Problem: In the entries below, find the line with "A peach-colored hardcover" and the line with "Linge De Cuisine"; copy them and every line between them exactly, but not the pictures.

Data for analysis:
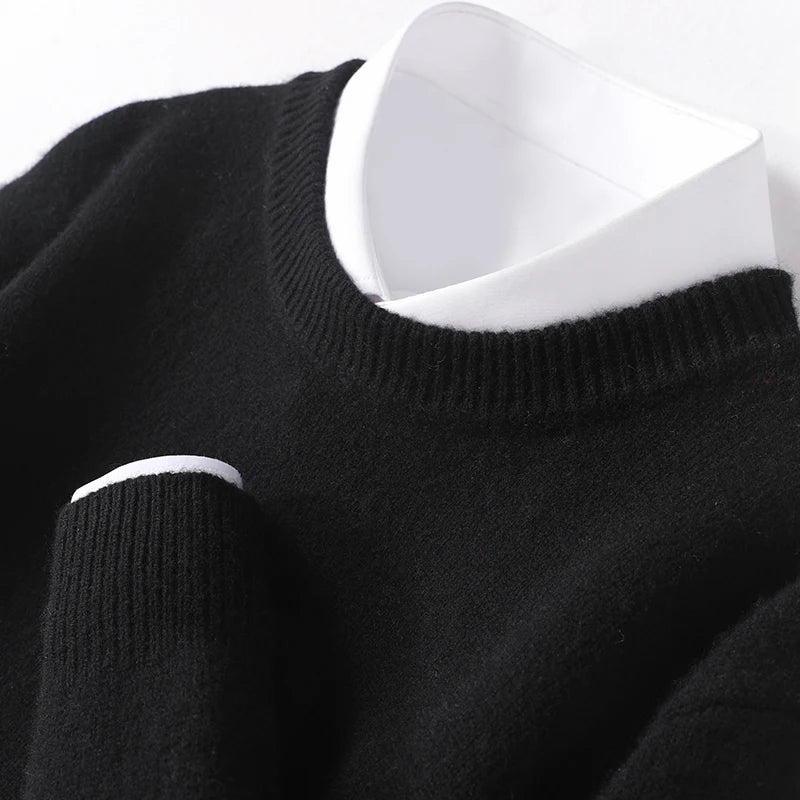 Knitted Jumper - Men's Warm Round Neck Knit Pullover Sweater-Trui man-Chaps London-Black-S-Chaps London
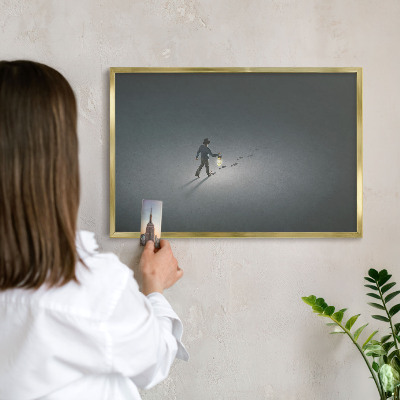 Magnettafel dekorativ bedruckt mit goldenem Rahmen Nachtwanderung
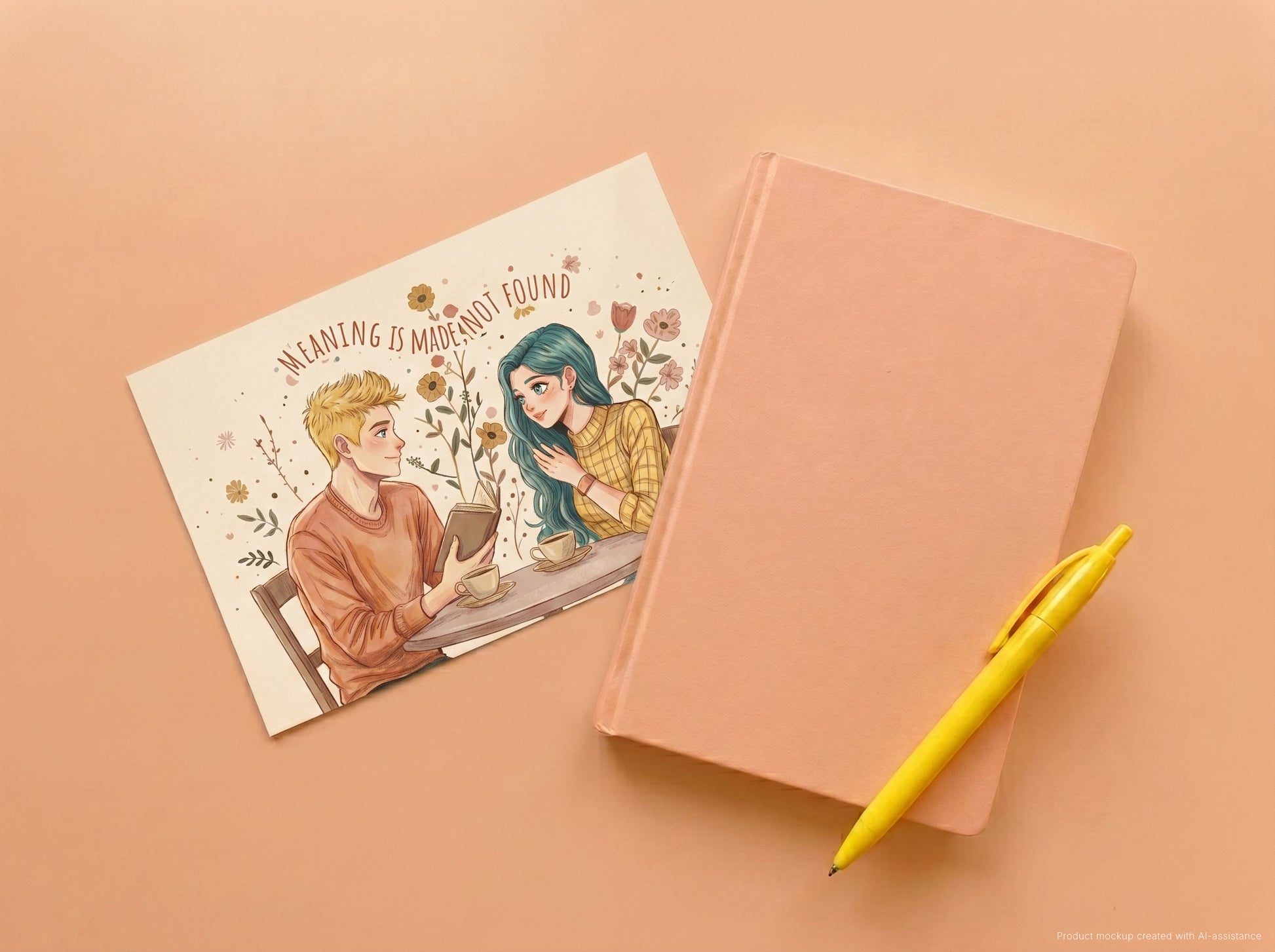 A peach-colored hardcover notebook lies on a peach background next to a printed art postcard featuring an illustrated couple and the quote 'Meaning is made, not found', with a yellow pen resting on top.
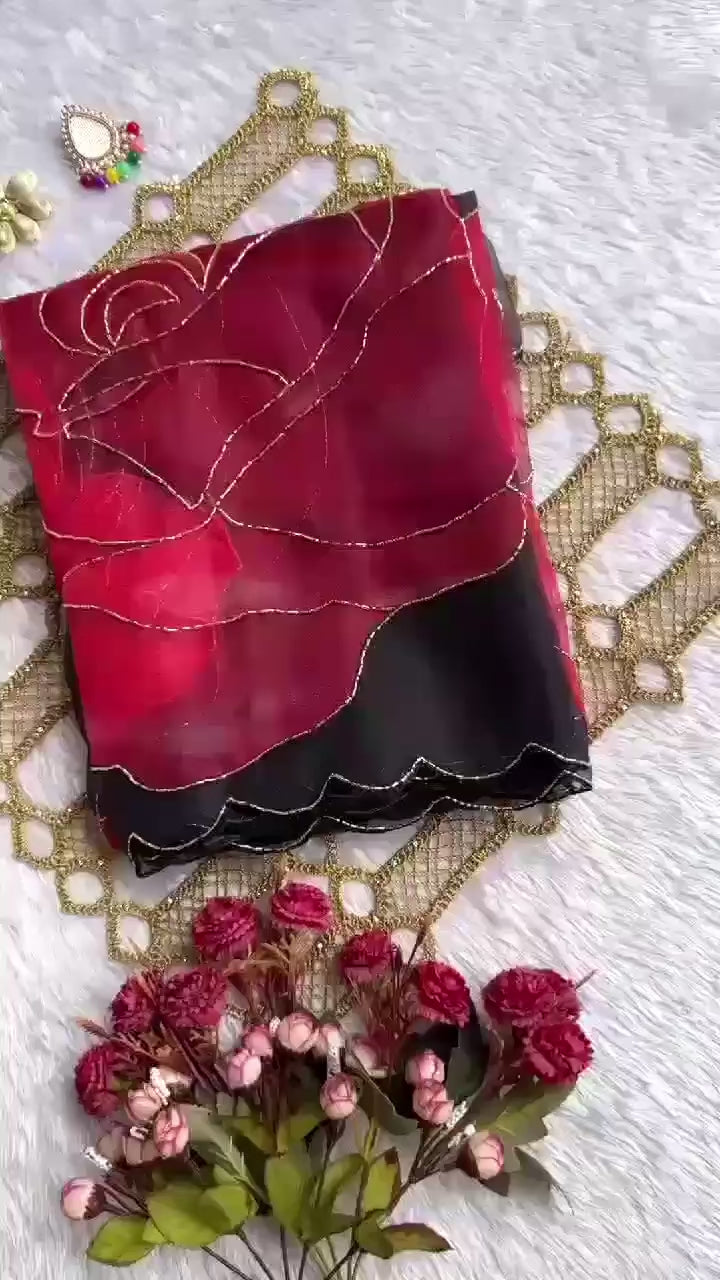 New Partywear Black Color Organza Silk Printed Hand Work Fancy Designer Saree With Unstitched Blouse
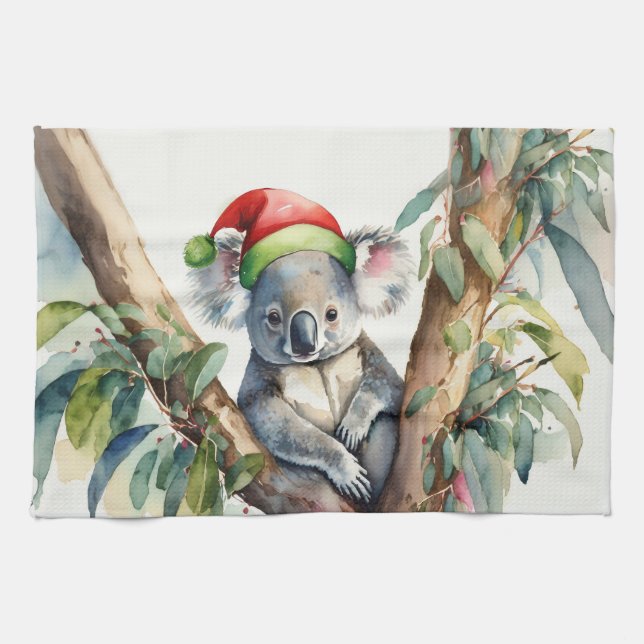 Linge De Cuisine Koala avec un chapeau de Père Noël assis dans un e (Horizontal)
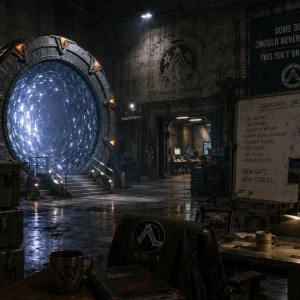 Active Stargate in Stargate Command with a whiteboard reading Unexplored, Unexplained, Unfinished and an SG-1 flight jacket on a chair.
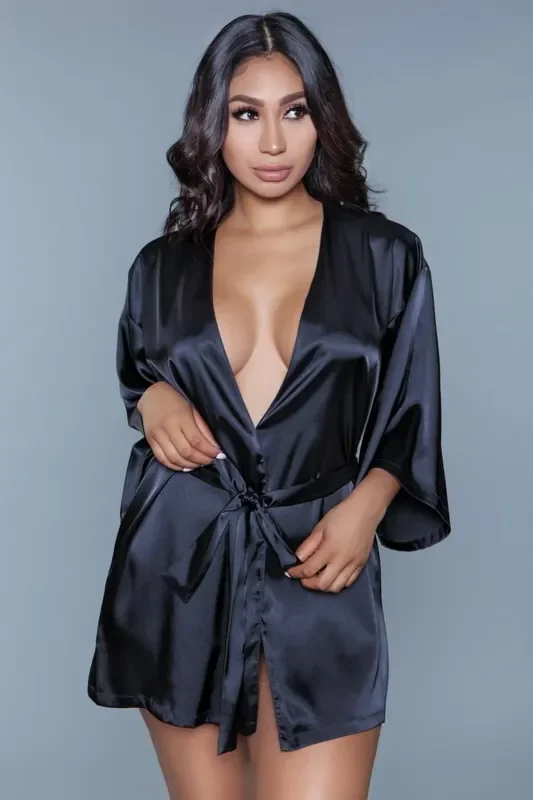 Amora Kimono mit Herz – Schwarz
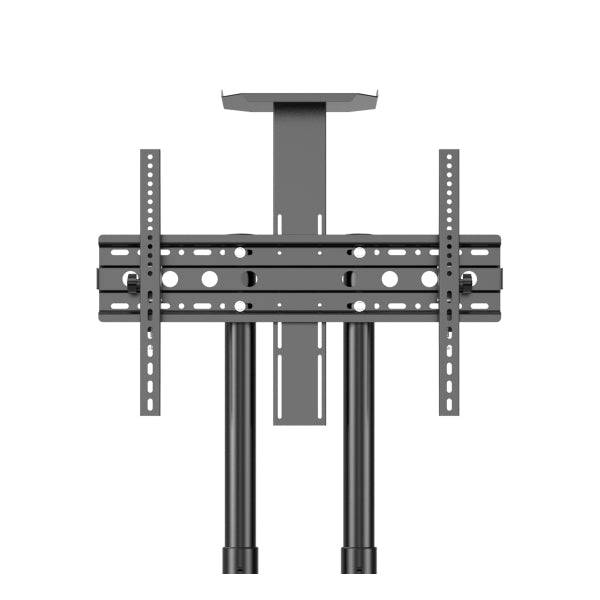 Unykach Supporto da Pavimento con Ruote per Schermi da 32" a 75" - Bloccaggio Ruote - Due Ripiani - Peso Max 45kg - VESA 600x400mm - Colore Nero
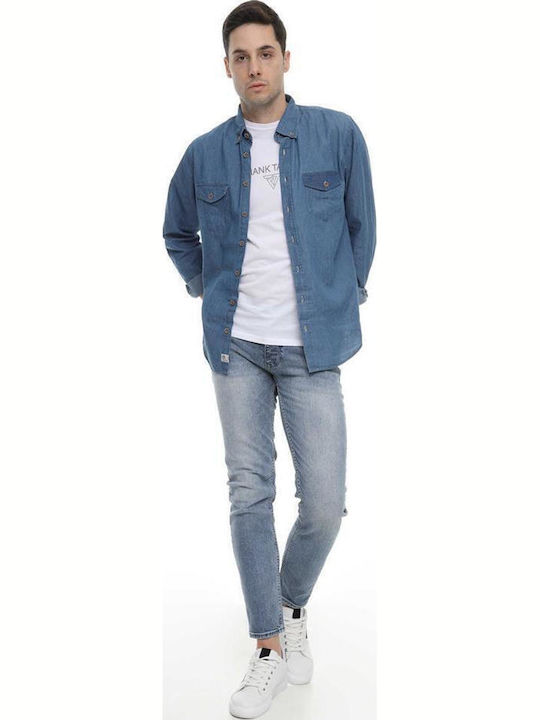 Long-sleeved Denim Shirt Light Blue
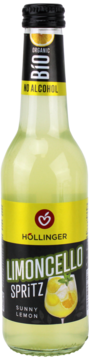Butelka Höllinger Limoncello Spritz Bio, bezalkoholowy. Żółto-czarna etykieta, cytrynowy orzeźwiający napój. Widok z przodu.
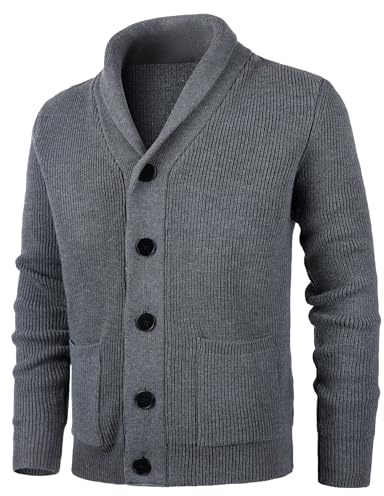 KTWOLEN Homme Cardigan à Manches Longues et Col Châle Épais Hiver Cardigans Gilet Veste Tricoté Chaud avec Poches, Charbon, L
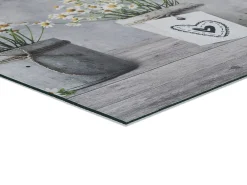 Atticgo Tapis de cuisine gris rectangulaire dessins pots de fleurs 52x100 cm SPRINTY* Tapis Pour Cuisine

Final answer:
 A peach-colored hardcover notebook lies on a peach background next to a printed art postcard featuring an illustrated couple and the quote 'Meaning is made, not found', with a yellow pen resting on top.
 New Partywear Black Color Organza Silk Printed Hand Work Fancy Designer Saree With Unstitched Blouse
 Linge De Cuisine Koala avec un chapeau de Père Noël assis dans un e (Horizontal)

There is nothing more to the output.